There are two ways to query data from Cassandra/DSE, Query Configurator and Query Editor. Configurator is easier to use but has limited capabilities, Editor is more powerful but requires understanding of CQL.
Query Configurator is the easiest way to query data. At first, enter the keyspace and table name, then pick proper columns. If keyspace and table names are given correctly, the datasource will suggest the column names automatically.
- Time Column - the column storing the timestamp value, it's used to answer "when" question.

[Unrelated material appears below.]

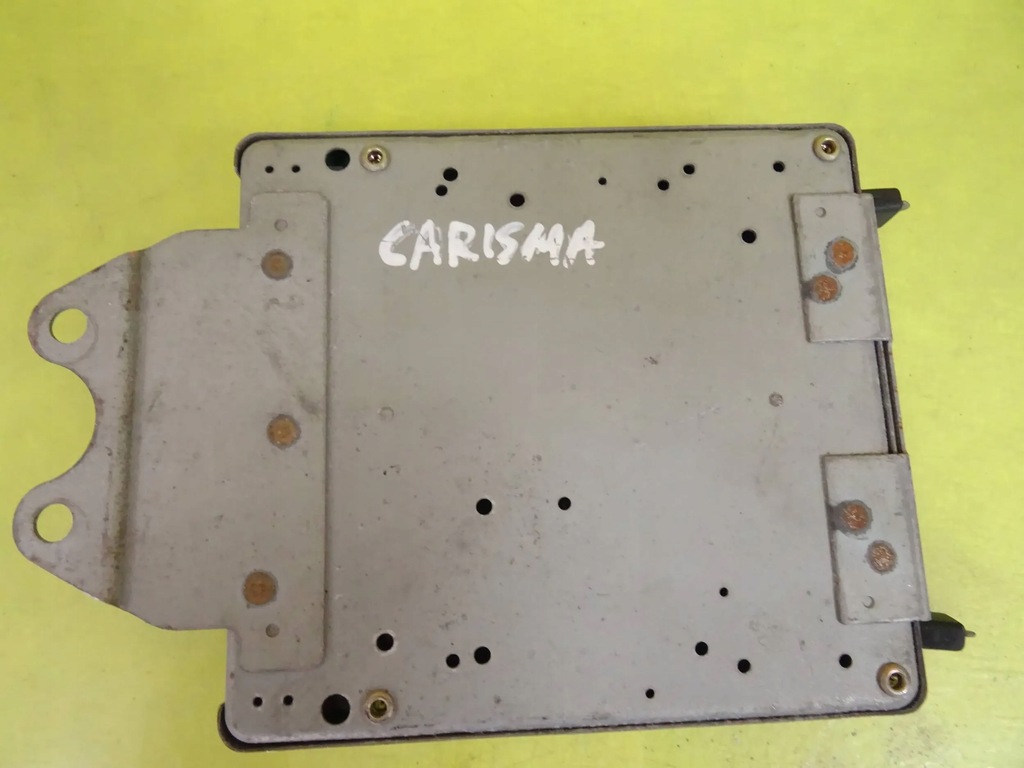 фото №5, Бортовий комп'ютер двигуна mitsubishi carisma md355869 nr1749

- Value Column - the column storing the value you'd like to show. It can be the
value
,temperature
or whatever property you need. - ID Column - the column to uniquely identify the source of the data, e.g.
sensor_id
,shop_id
or whatever allows you to identify the origin of data.

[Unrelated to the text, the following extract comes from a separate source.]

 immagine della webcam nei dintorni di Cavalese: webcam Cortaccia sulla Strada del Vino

After that, you have to specify the ID Value
, the particular ID of the data origin you want to show. You may need to enable "ALLOW FILTERING" although we recommend to avoid it.
Example Imagine you want to visualise reports of a temperature sensor installed in your smart home. Given the sensor reports its ID, time, location and temperature every minute, we create a table to store the data and put some values there:
CREATE TABLE IF NOT EXISTS temperature (
sensor_id uuid,
registered_at timestamp,
temperature int,
location text,
PRIMARY KEY ((sensor_id), registered_at)
);
insert into temperature (sensor_id, registered_at, temperature, location) values (99051fe9-6a9c-46c2-b949-38ef78858dd0, 2020-04-01T11:21:59.001+0000, 18, "kitchen");
insert into temperature (sensor_id, registered_at, temperature, location) values (99051fe9-6a9c-46c2-b949-38ef78858dd0, 2020-04-01T11:22:59.001+0000, 19, "kitchen");
insert into temperature (sensor_id, registered_at, temperature, location) values (99051fe9-6a9c-46c2-b949-38ef78858dd0, 2020-04-01T11:23:59.001+0000, 20, "kitchen");
In this case, we have to fill the configurator fields the following way to get the results:
- Keyspace - smarthome (keyspace name)
- Table - temperature (table name)
- Time Column - registered_at (occurence)
- Value Column - temperature (value to show)
- ID Column - sensor_id (ID of the data origin)
- ID Value - 99051fe9-6a9c-46c2-b949-38ef78858dd0 ID of the sensor
- ALLOW FILTERING - FALSE (not required, so we are happy to avoid)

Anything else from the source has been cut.